__Task statement__
Beginning at the line with "Geek to Geek - Quadro - Macaco de Skate" in the records below, return each line up to and including the last, exactly as it stands, but not the pictures.

[Short text fragments from websites]
┌──

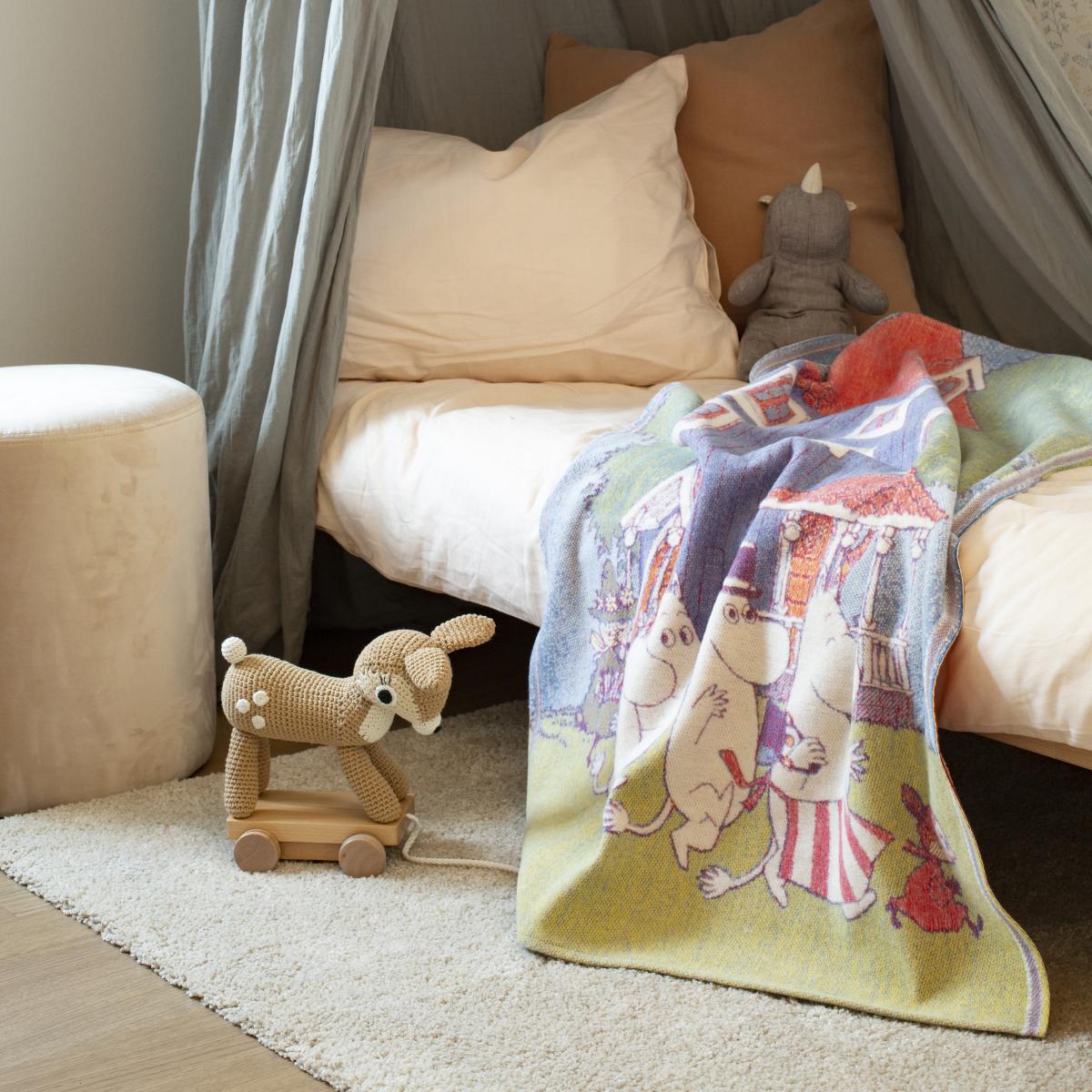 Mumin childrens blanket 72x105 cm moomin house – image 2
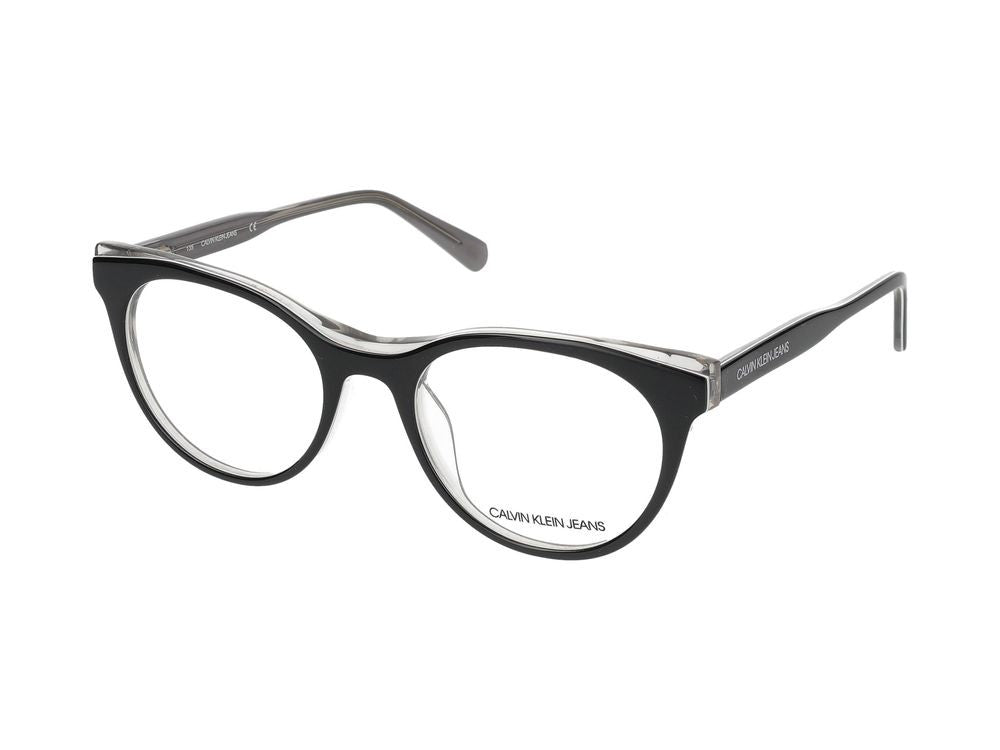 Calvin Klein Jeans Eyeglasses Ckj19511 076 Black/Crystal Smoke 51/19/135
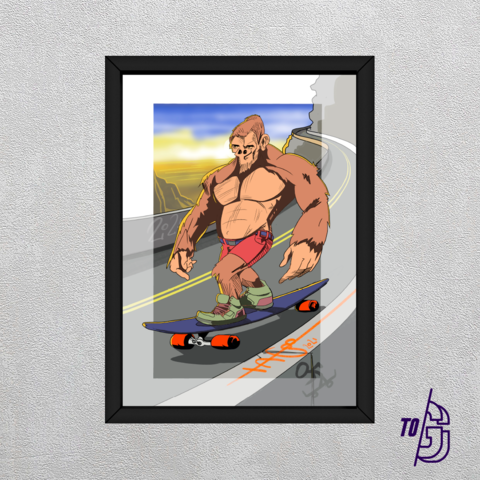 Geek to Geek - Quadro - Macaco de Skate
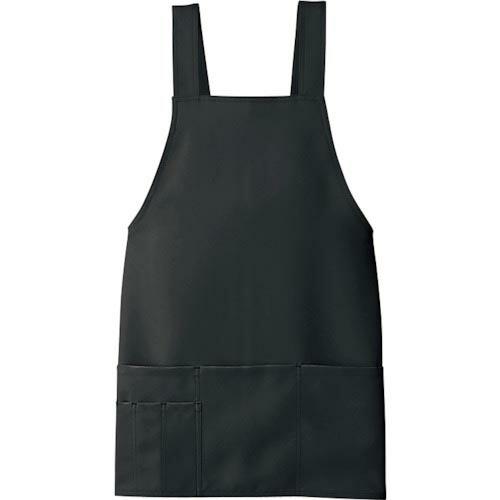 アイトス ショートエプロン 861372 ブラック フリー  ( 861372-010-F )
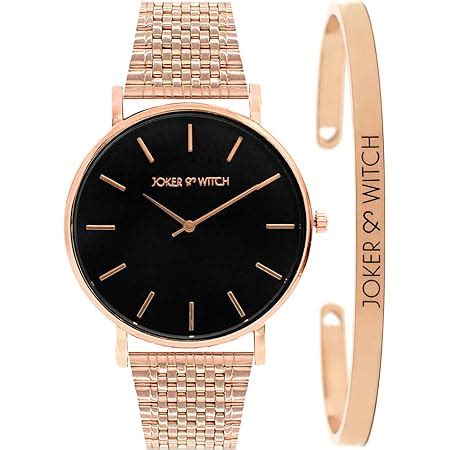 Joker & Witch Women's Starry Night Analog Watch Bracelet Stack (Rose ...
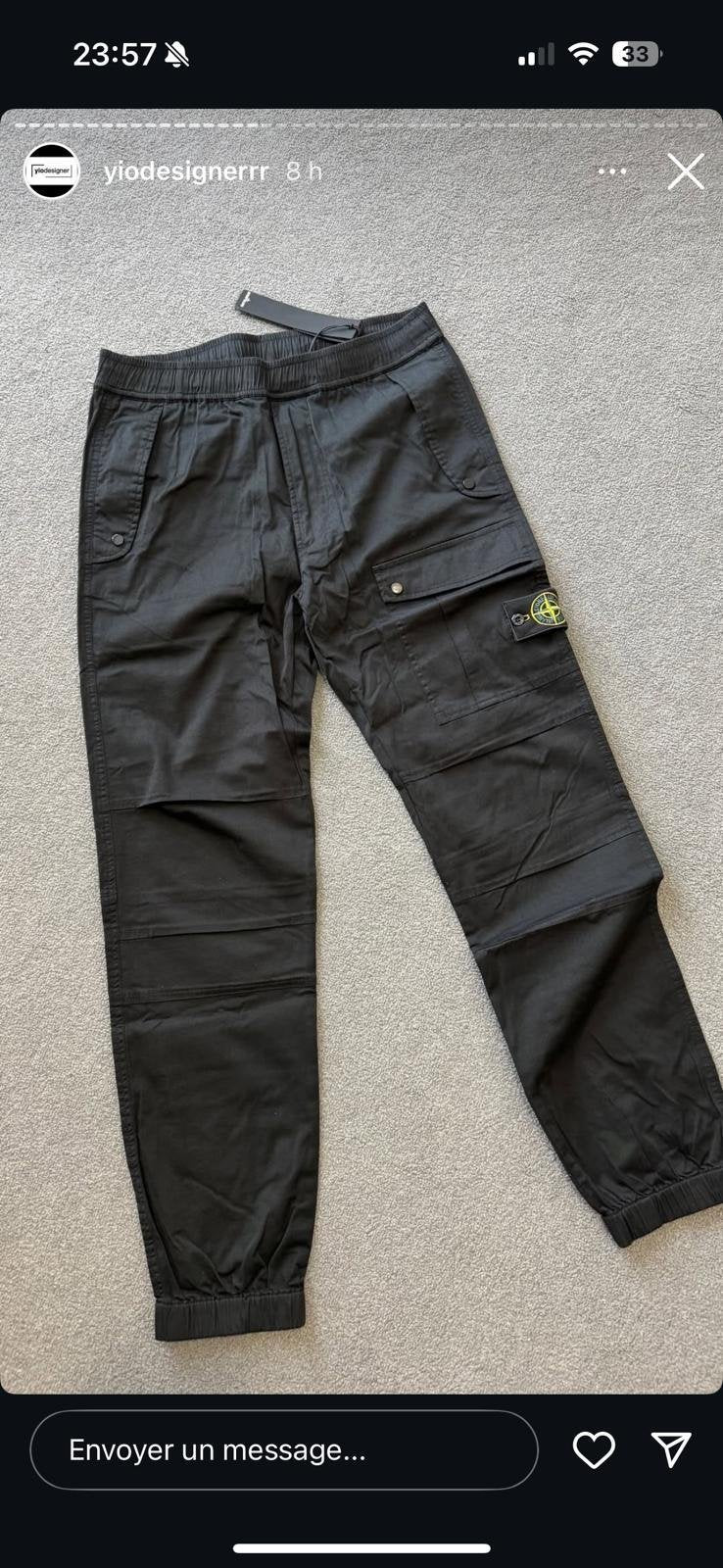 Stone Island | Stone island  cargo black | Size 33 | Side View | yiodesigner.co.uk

└──

__Exercise solution__
 Geek to Geek - Quadro - Macaco de Skate
 アイトス ショートエプロン 861372 ブラック フリー  ( 861372-010-F )
 Joker & Witch Women's Starry Night Analog Watch Bracelet Stack (Rose ...
 Stone Island | Stone island  cargo black | Size 33 | Side View | yiodesigner.co.uk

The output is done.